Bach, Mozart, Liszt, Chopin, Rachmaninov, Debussy, Prokofyev ve Şostavokiç gibi bestecilerin sıra dışı bir yorumcusu olarak biliniyorsunuz. Kariyerinizin başlangıcından itibaren repertuvarınızı nasıl seçtiniz?
En başından beri, her zaman gerçekten sevdiğim şeyi çalmak istedim. Örneğin Çaykovski’nin 1. Piyano Konçertosu gibi bir bestenin çok sık çalınması önemli değildir. Bugüne kadar pek çok harika eser bestelendi ve hayat hepsini çalmak için çok kısa. Ve ben gerçekten çok sayıda besteciyi seviyorum, aralarından seçim yapmam çok zor.
Programınıza bakıldığında neredeyse tüm dünyayı dolaştığınızı görüyoruz. Bu değişik mekânlar size farklı şekilde esin veriyor mu?
Aslında nerede çaldığımı pek umursamıyorum. Daha önemli olan şeyler salon, akustik ve piyano. Tabii ki salonun dolu olması ve seyircinin reaksiyonunun iyi olması mutluluk verici. Ama genelde ben müzikten zevk alıyorsam, insanlar da alıyor.
ENKA Oditoryumu’nda 19 Kasım’da bir Schubert resitali verdiniz ve 21-22 Kasım’da Cumhurbaşkanlığı Senfoni Orkestrası’yla Çaykovski’nin 1. Piyano Konçertosu’nu seslendirdiniz. Türk dinleyicisi hakkındaki düşünceleriniz neler?
Bu benim bir piyanist olarak Türkiye’ye ilk gelişim olduğundan bu mekânları görmekten ve oralarda çalmaktan ötürü çok mutluyum. Umarım sizin duyarlı insanlarınız yaptıklarımdan hoşlanmıştır.
Bilindiği üzere, geçmişte Türk piyanist Gökhan Aybulus da sizinle çalıştı. Başka Türk öğrencileriniz de var mı?
Gökhan benim profesörümün öğrencisiydi, ben asistandım. Onun piyano çalma yeteneğini ve müzisyenliğini gerçekten takdir ediyorum. Türkiye’den bazı öğrenciler hâlen Moskova Konservatuvarı’nda eğitim görüyorlar. Zengin geleneklerimizi paylaşabiliyor olmamız çok güzel.
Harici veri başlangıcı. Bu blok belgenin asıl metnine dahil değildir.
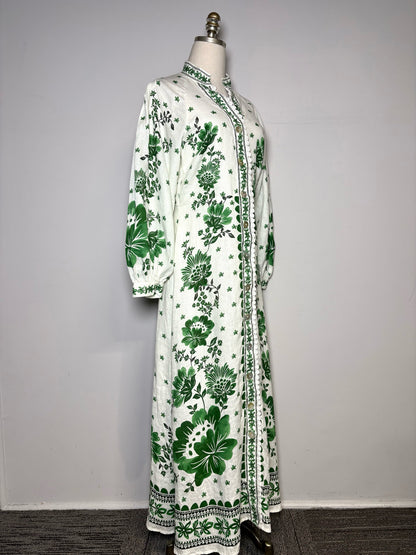 Women Size M Magaschoni White, Green Floral Pure Linen Pre-owned Dress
Solist kimliğinizin yanı sıra, Moskova Çaykovski Konservatuvarı Piyano Bölümü’nde profesörsünüz. Geleceğin piyanistlerine neler önerirsiniz?
Müzik yaparken en önemli unsur müziğin kendisini sevmektir, bu benim tüm müzisyenlere ilk öğütümdür.